= National Tyre Distributors Association =

The National Tyre Distributors Association (NTDA). is a trade association based in the United Kingdom. The NTDA directorate is based in Aylesbury, Buckinghamshire.

==Overview==
It was created in 1930 and represents tyre wholesalers, retailers, mobile tyre fitters and fast fit companies across the UK. It also has supplier members that include leading tyre manufacturers, retreaders, repairers and end of life tyre collectors and automotive aftermarket companies. It represents the interests of those members by actively lobbying UK and European Government in relation to key issues such as non-compliant, unsafe and illegal part-worn tyres, tyre ageing, tyre tread depth law, EU Tyre Labelling and environmentally sound collection and disposal of tyres

==Activities==
The NTDA runs an Annual Dinner and the Tyre Industry Awards. It also runs the National Tyre Industry Conference and many regional social and business events for the UK tyre industry.

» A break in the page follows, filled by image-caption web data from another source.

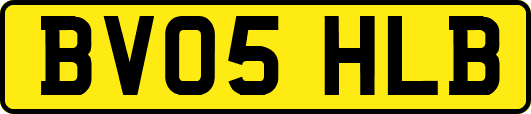 BV05HLB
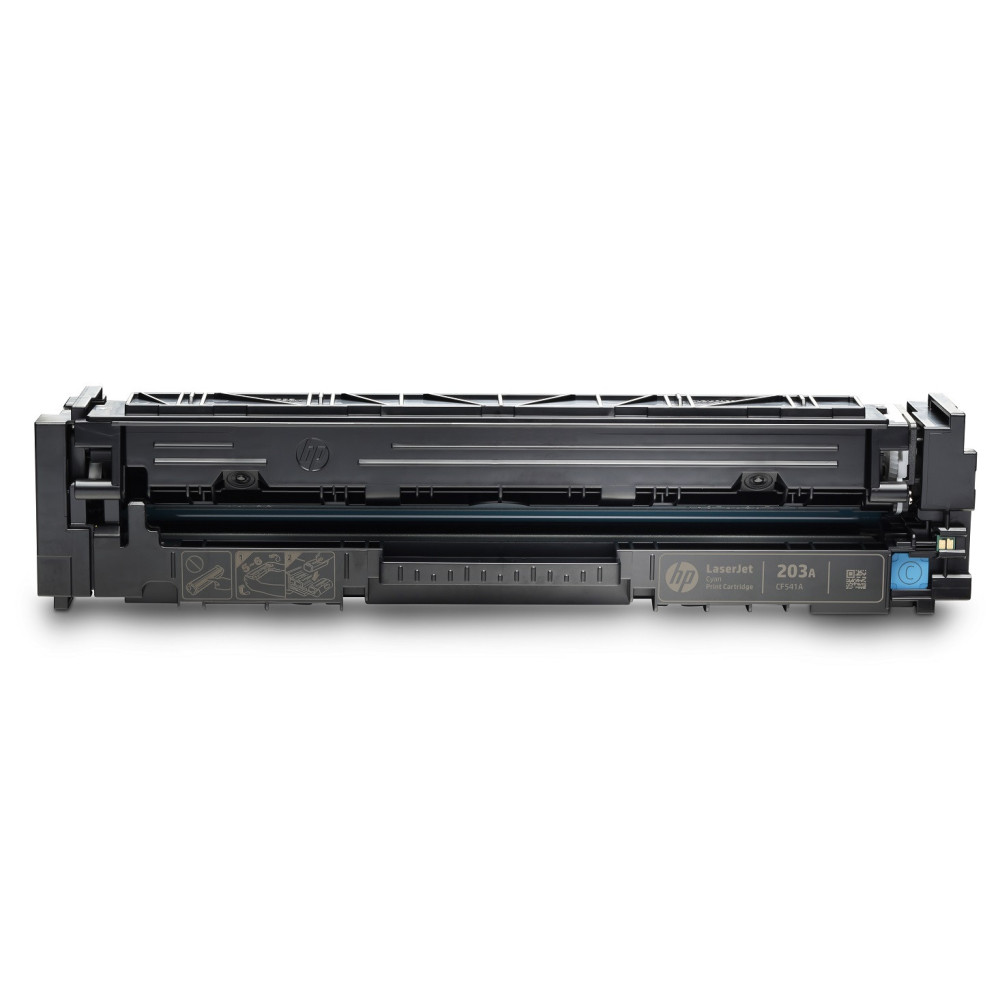 HP 203A cartouche de toner LaserJet cyan authentique / CF541A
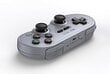 8BitDo SN30 Pro Hall Edition hind ja info | Mängupuldid | kaup24.ee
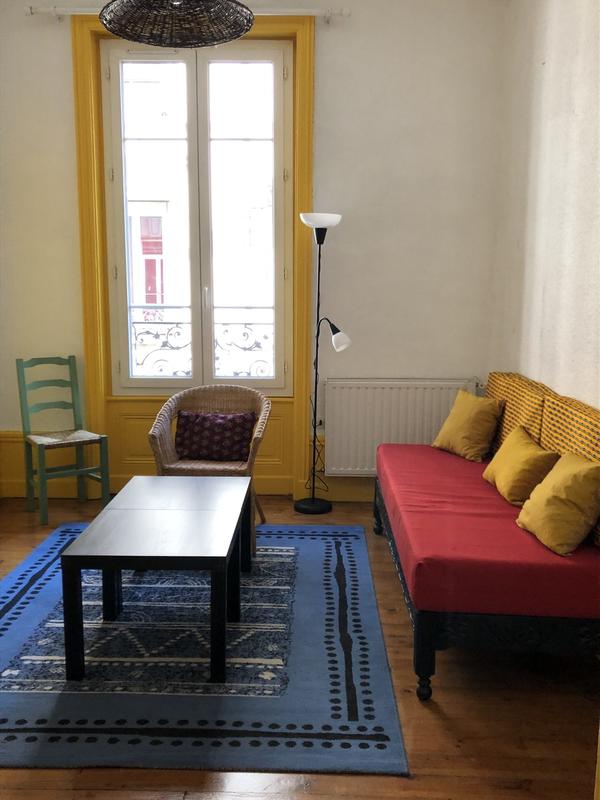 Appartement - 44 m² - 2 pièces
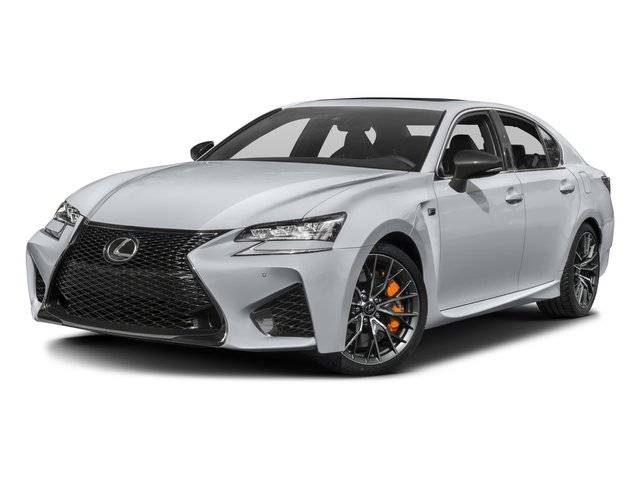 2016 Lexus GS GS F — Sedan — 37,336 mi — Tampa, FL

For many years the NTDA has run a national scheme called TyreLink a breakdown scheme, which coordinates members of the Association to offer a 24-hour roadside breakdown service for trucks.

==Executives==
Since its formation, the NTDA has had 55 elected Presidents and, after the change of title in 1999, 10 National Chairman. The current National Chairman of the Association is Simon Wright Commercial Director at Halfords Fleet Services who replaced Martin O'Brien Commercial Director of Lodge Tyre Co Ltd in 2022. Martin O'Brien served from 2019 having replaced Prashant Chopra, Managing Director of Autogem Invicta Ltd, who in turn, replaced Roger Griggs, Communications Director at European Tyre Enterprises Ltd in 2017 The current Chief Executive of the NTDA is Stefan Hay who has held the position since January 2014.

The NTDA also administers the Roadside Emergency Action Concerning Tyres (REACT) steering group. REACT operates as a dedicated group within the NTDA. It was launched in October 2011, for all truck tyre technicians who work for companies in membership of the NTDA. The scheme records and monitors the training of technicians working on the roadside throughout the UK. Trained technicians are issued with individual licences.